LUTE = Learning Using Texts: learn languages through reading. Python/Flask.
MIT License
347 stars 39 forks source link

Add .mobi support #306

Open Adriann25 opened 4 months ago

Adriann25 commented 4 months ago

Aside from .epub and .pdf, .mobi is also a popular and more compact extension for books.

It would be great if .mobi would be added as an alternative to .epub, as there are quite a few books that do not work in .epub and converting them can have unwanted effects especially on languages that use ruby characters.

A python library that supports unencrypted .mobi files is this one https://pypi.org/project/mobi/

Alternatively, there is also this project which is slightly more outdated https://pypi.org/project/mobi-python/

jzohrab commented 4 months ago

Hi @Adriann25 -- can you provide a very small .mobi file we could use as a test case? Like a file with a single sentence.

jzohrab commented 4 months ago

Dev size est:

jzohrab commented 4 months ago

Need to find a python .mobi parser project with an MIT license, the license linked in the issue is GPL.

Adriann25 commented 4 months ago

Need to find a python .mobi parser project with an MIT license, the license linked in the issue is GPL.

Hello. Have you checked the alt link I provided? It should have MIT license according to its description: https://pypi.org/project/mobi-python/

There are also several forks to look into if the base one is not working properly: https://github.com/kroo/mobi-python/network/members

jzohrab commented 3 months ago

Merged into develop, thank you @imamcr 👍

jzohrab commented 3 months ago

I've backed this out of the develop branch due to concerns about the lxml library dependency this introduces. Comments in the git commit log:

commit d0267959bcd9fcc69dd278c7a26de20a81ae03b2 (HEAD -> develop, origin/develop)
Merge: 9fc5af8 bc552b1
Author: Jeff Zohrab <jzohrab@gmail.com>
Date:   Fri Mar 15 11:20:57 2024 +0700

    Merge branch 'remove_mobi_support' into develop

    Reverts the commits of PR 338.  That PR introduced a dependency on lxml,
    which I don't understand enough about to make a good decision.
    Pip install of lxml works on my mac, but it was slow, and so am
    concerned about issues with other users' systems.

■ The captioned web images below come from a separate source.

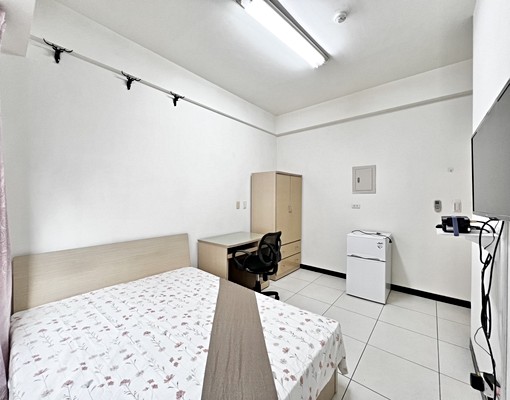 爬一下超美💖小資首選可租補大面窗採光衛浴窗💖大空間 - Image 7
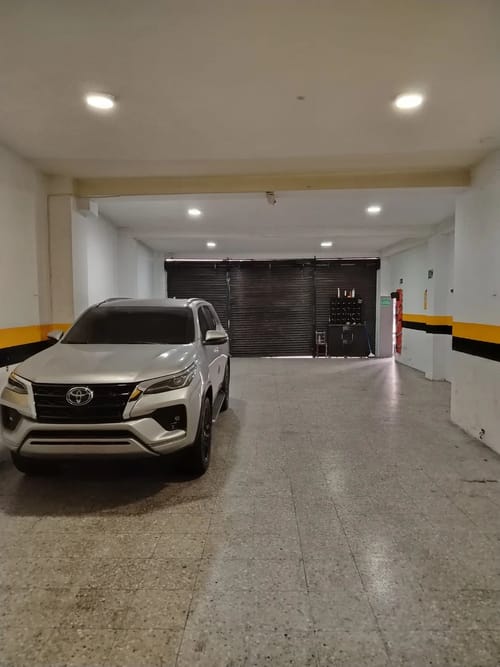 Local en arriendo en Naranjal, Medellín, 120 m² · foto 3 de 5
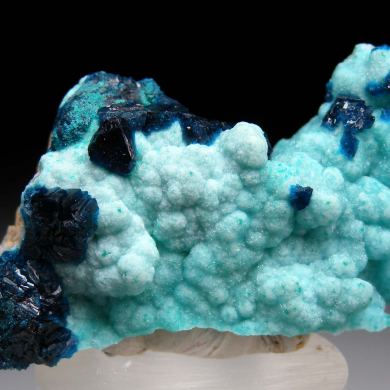 Veszelyite on Hemimorphite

I backed it out by reverting the individual commits:

commit bc552b139285df9f28b4221afbc2bf632cb24fa8 (remove_mobi_support)
    Revert "Update requirements.txt and pyproject.toml"
    This reverts commit 60b0db7198b0e728d216d306b85706fbd2382c09.

commit 83fa4812474d7c9b5e9698fd0de49b80d558da13
    Revert "Add tests"
    This reverts commit 6267243bd17ea7017164f71ffc34deefbeac8e26.

So this will go back into the "to-do" part of the backlog. :-/

In the meantime, I think that users can at least convert their mobi files to text or epub or similar using online services.

jzohrab commented 3 months ago

On hold, low priority, and have to find a decent library that is MIT and doesn't pull in lxml (that's my preference, have read too many posts about it being problematic).